The possibility of unanticipated chains of events is illustrated by the account of what seems to have been a near catastrophic accident at Hunterston in 1998. During the Christmas holidays of that year, storm spray from the Firth of Clyde shorted out all power lines at Hunterston B, the emergency backup generators also all failed and the emergency core cooling system was unable to be operated– an extremely serious situation because the reactors’ massive decay heat could not be removed. The plant was down to a skeleton staff because of the holidays and this contributed to delay in restoring the cooling system. It took an agonising four hours before the cooling system was well and major harm avoided. The incident illustrates how quickly things can spiral out of control. Freak weather events are now more common and generate flooding and landslides which can close roads. One more factor adding to the delay would have resulted in a very different outcome

 

EDF have massive financial interests in persuading ONR that Hunterston’s reactors are ‘safe’ -not only because of the revenue from Hunterston but because of the implications for all the UK’s power stations which they now own.
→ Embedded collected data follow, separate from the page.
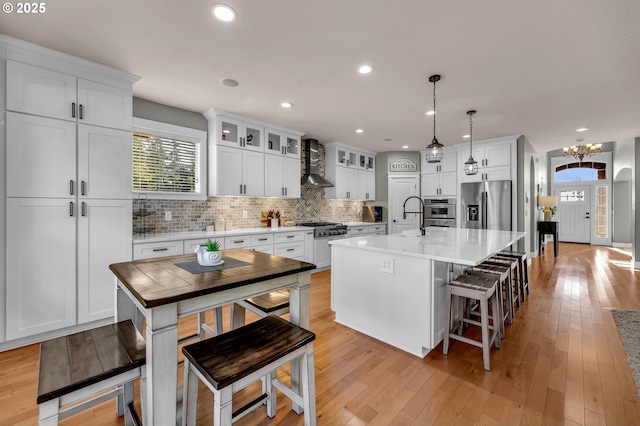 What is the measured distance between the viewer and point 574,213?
30.6ft

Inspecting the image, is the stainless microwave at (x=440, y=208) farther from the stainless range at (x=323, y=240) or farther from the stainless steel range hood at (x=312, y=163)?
the stainless steel range hood at (x=312, y=163)

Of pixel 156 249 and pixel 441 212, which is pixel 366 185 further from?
pixel 156 249

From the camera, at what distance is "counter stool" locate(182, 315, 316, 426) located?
3.70ft

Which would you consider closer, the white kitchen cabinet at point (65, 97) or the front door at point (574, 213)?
the white kitchen cabinet at point (65, 97)

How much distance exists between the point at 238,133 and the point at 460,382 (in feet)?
13.2

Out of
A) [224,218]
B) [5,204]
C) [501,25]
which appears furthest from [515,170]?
[5,204]

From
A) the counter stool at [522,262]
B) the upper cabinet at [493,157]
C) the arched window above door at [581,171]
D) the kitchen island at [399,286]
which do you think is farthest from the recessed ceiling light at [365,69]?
the arched window above door at [581,171]

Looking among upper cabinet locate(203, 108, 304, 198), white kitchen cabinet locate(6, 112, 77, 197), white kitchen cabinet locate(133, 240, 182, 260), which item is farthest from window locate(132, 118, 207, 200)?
white kitchen cabinet locate(6, 112, 77, 197)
All of them have this type of graphic core and will start to crack as they age. Torness is expected to start cracking in 2022. The financially ailing EDF needs to resist their shutdown for as long as possible.

 

ONR is largely staffed by people who have come from the nuclear industry and, therefore, are inevitably in tune with interests of that industry. Also as a government funded agency, there is some risk of being susceptible to pressure from UK government, although this could never be acknowledged. Part of the UK government’s unwavering commitment to nuclear power stems from their commitment to nuclear weapons. The capacity to design and build nuclear weapons is supported by the training, knowledge, and practical know how of the wider nuclear industry.

 

Remember that the majority of the Scottish population live in the Central Belt to the west of Hunterston and would be likely to be under the plume of radiation should there be a significant accident. The models used to judge risk do not typically factor in the numbers of people downwind and the human scale of the potential catastrophe.